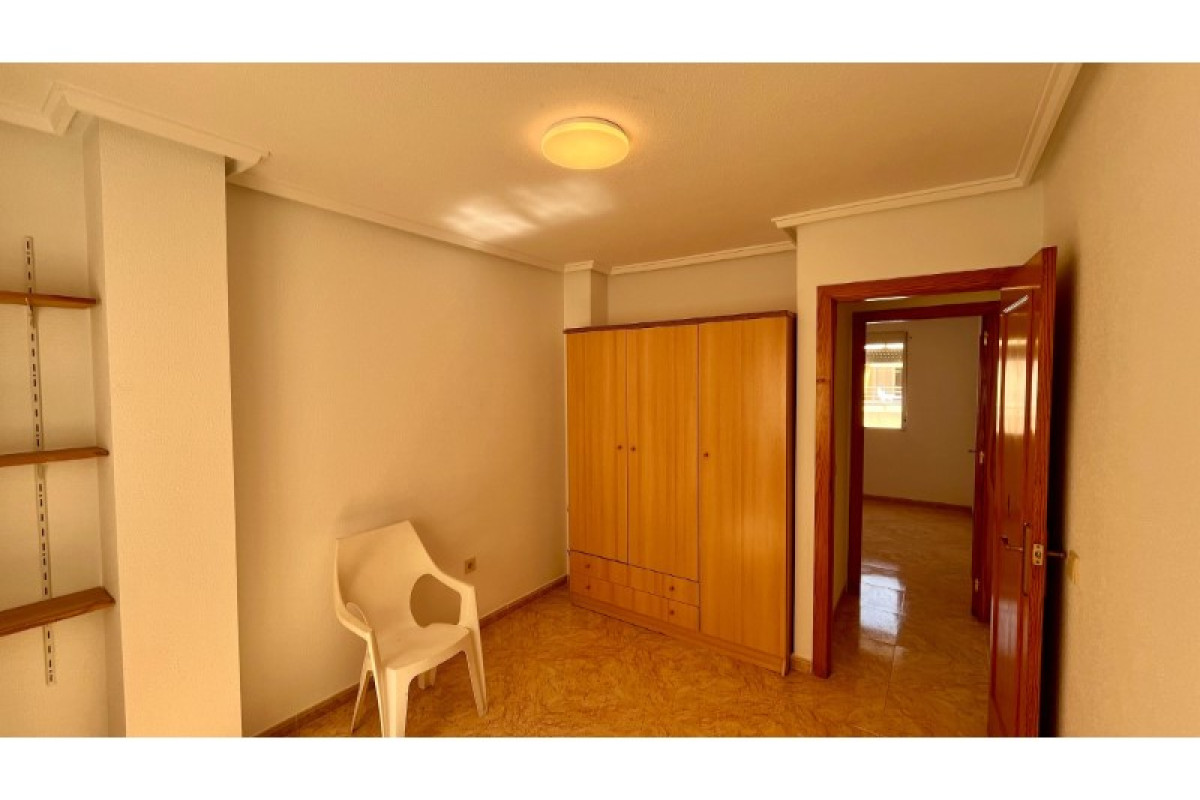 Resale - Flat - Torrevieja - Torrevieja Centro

========

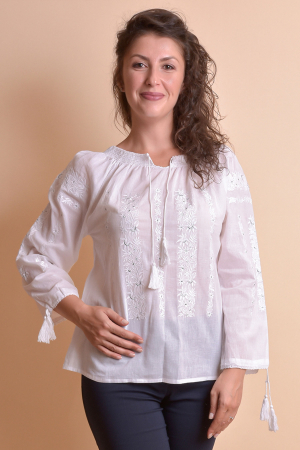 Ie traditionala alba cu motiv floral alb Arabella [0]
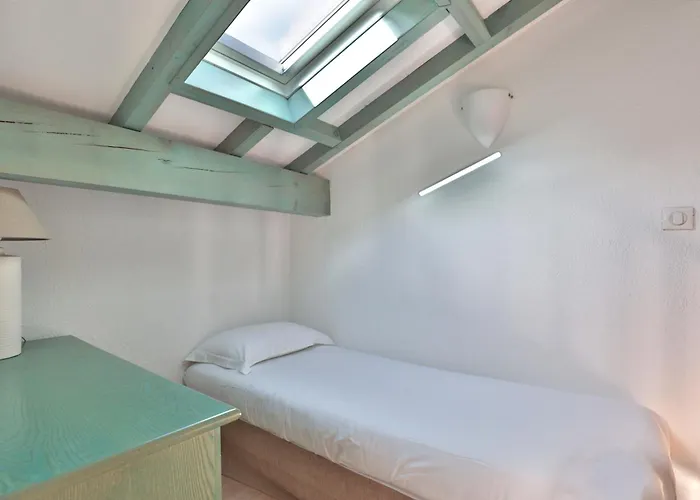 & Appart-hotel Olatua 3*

========

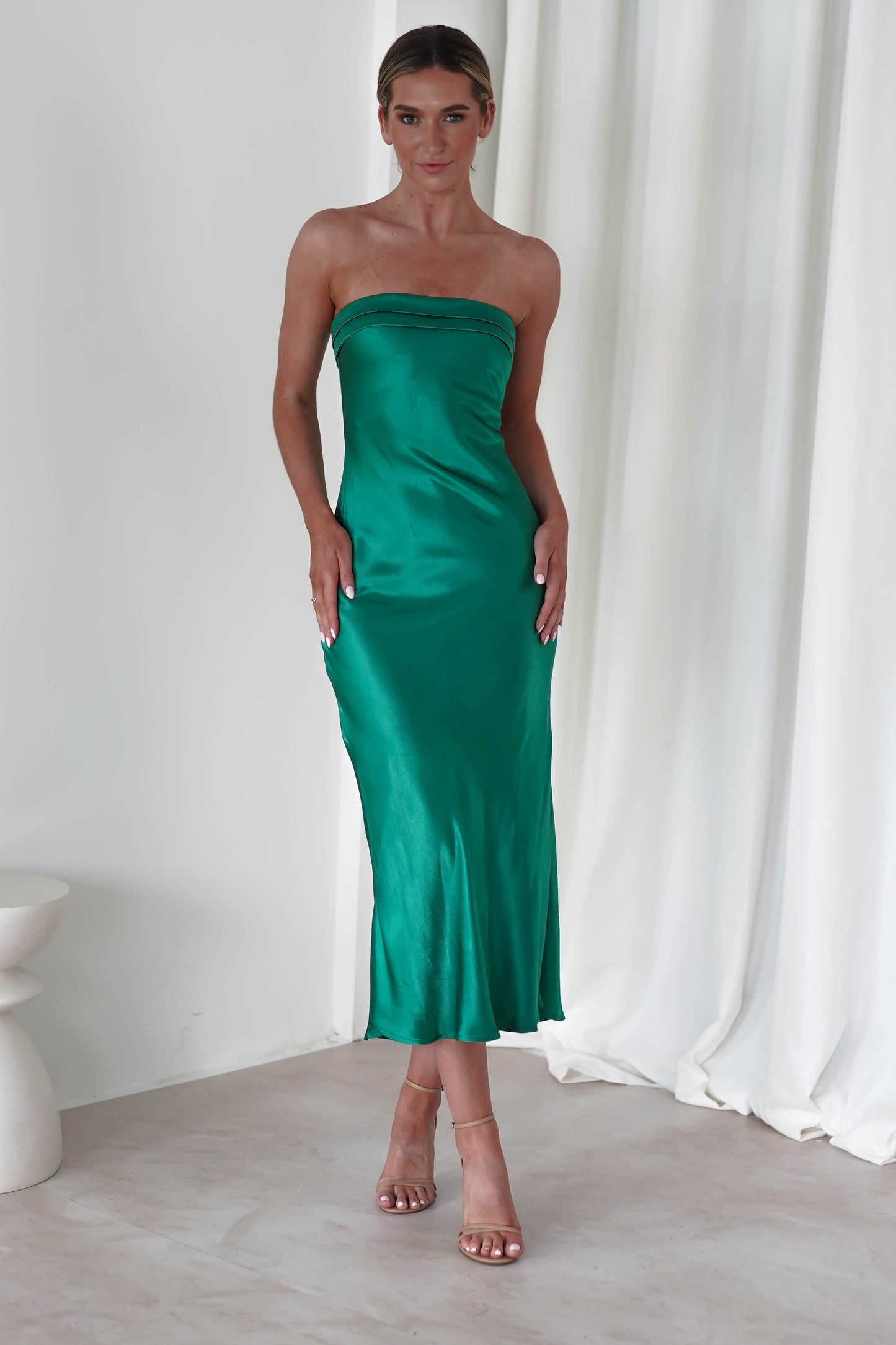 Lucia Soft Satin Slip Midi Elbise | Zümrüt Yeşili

========

**Directions for this task**
Copy the listing above exactly, but only from the line with "Ie traditionala alba" through the line with "Appart-hotel Olatua 3*", including those two lines and excluding any picture.

**Task response**
 Ie traditionala alba cu motiv floral alb Arabella [0]
 & Appart-hotel Olatua 3*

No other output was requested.